### [Exercise]
Transcribe the data exactly. Pictures stay out.

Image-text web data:
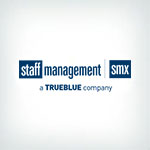  Staff Management SMX Logo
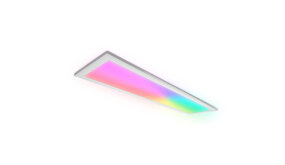 LCB LED LED Paneel 120x30cm 24V - IP41 - Pro Slim Line - 36W 3600Lm - RGB-CCT | RF 2.4 Ghz - UGR22 Opaal - 3 Jaar Garantie LCB LED LED Paneel 120x30cm 24V - IP41 - Pro Slim Line - 36W 3600Lm - RGB-CCT | RF 2.4 Ghz - UGR22 Opaal - 3 Jaar Garantie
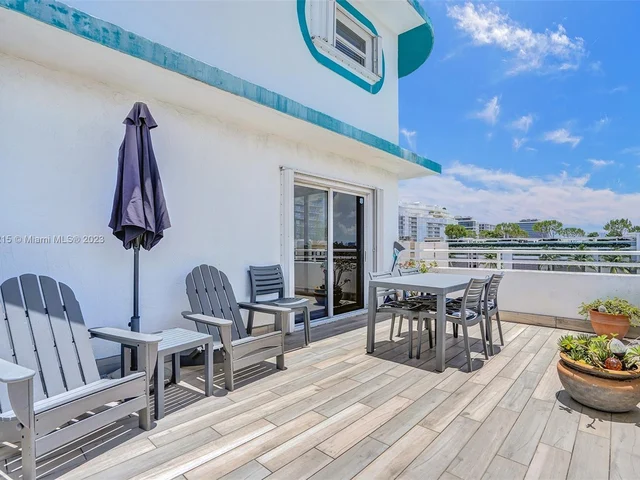 9156 Collins Avenue Unit 406, Surfside FL 33154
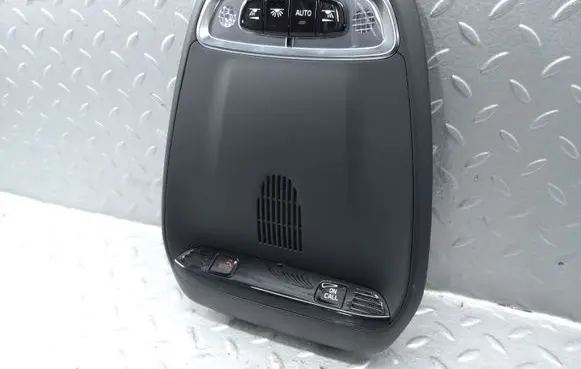 Volvo XC90 Front seat light 31479612 31443745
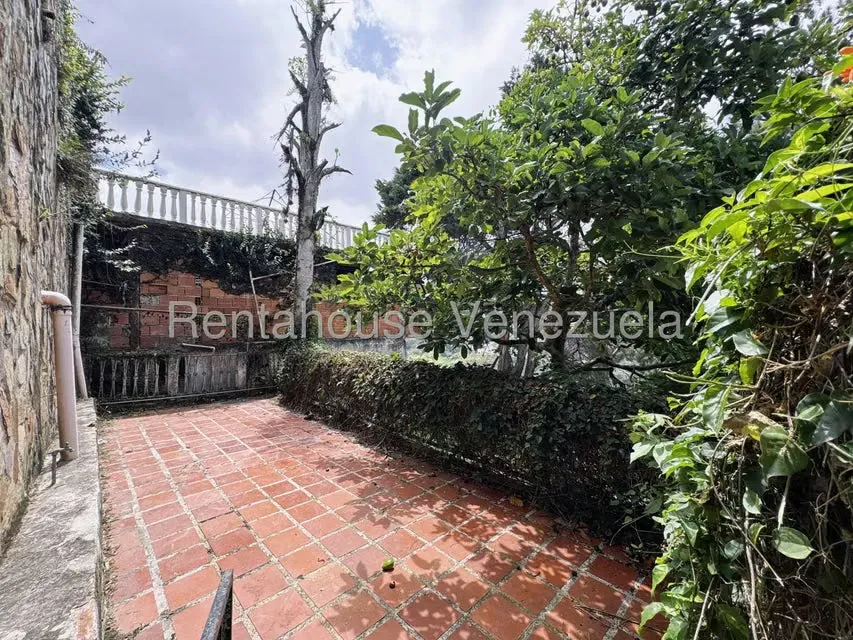 Casa (1 Nivel) en Venta en Pan de Azucar, Miranda - 45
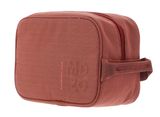 MANDARINA DUCK MD20 Vanity Bag Pecan Nut MANDARINA DUCK MD20 Vanity Bag Pecan Nut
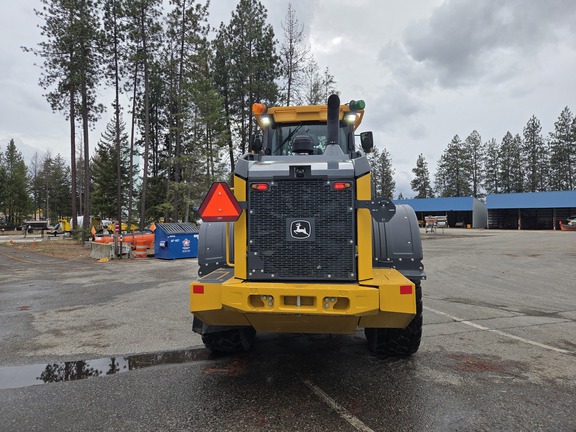 2024 John Deere 644P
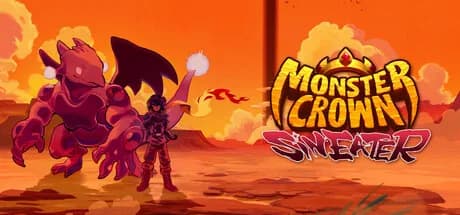 Monster Crown: Sin Eater görsel 1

### [Result]
  Staff Management SMX Logo
 LCB LED LED Paneel 120x30cm 24V - IP41 - Pro Slim Line - 36W 3600Lm - RGB-CCT | RF 2.4 Ghz - UGR22 Opaal - 3 Jaar Garantie LCB LED LED Paneel 120x30cm 24V - IP41 - Pro Slim Line - 36W 3600Lm - RGB-CCT | RF 2.4 Ghz - UGR22 Opaal - 3 Jaar Garantie
 9156 Collins Avenue Unit 406, Surfside FL 33154
 Volvo XC90 Front seat light 31479612 31443745
 Casa (1 Nivel) en Venta en Pan de Azucar, Miranda - 45
 MANDARINA DUCK MD20 Vanity Bag Pecan Nut MANDARINA DUCK MD20 Vanity Bag Pecan Nut
 2024 John Deere 644P
 Monster Crown: Sin Eater görsel 1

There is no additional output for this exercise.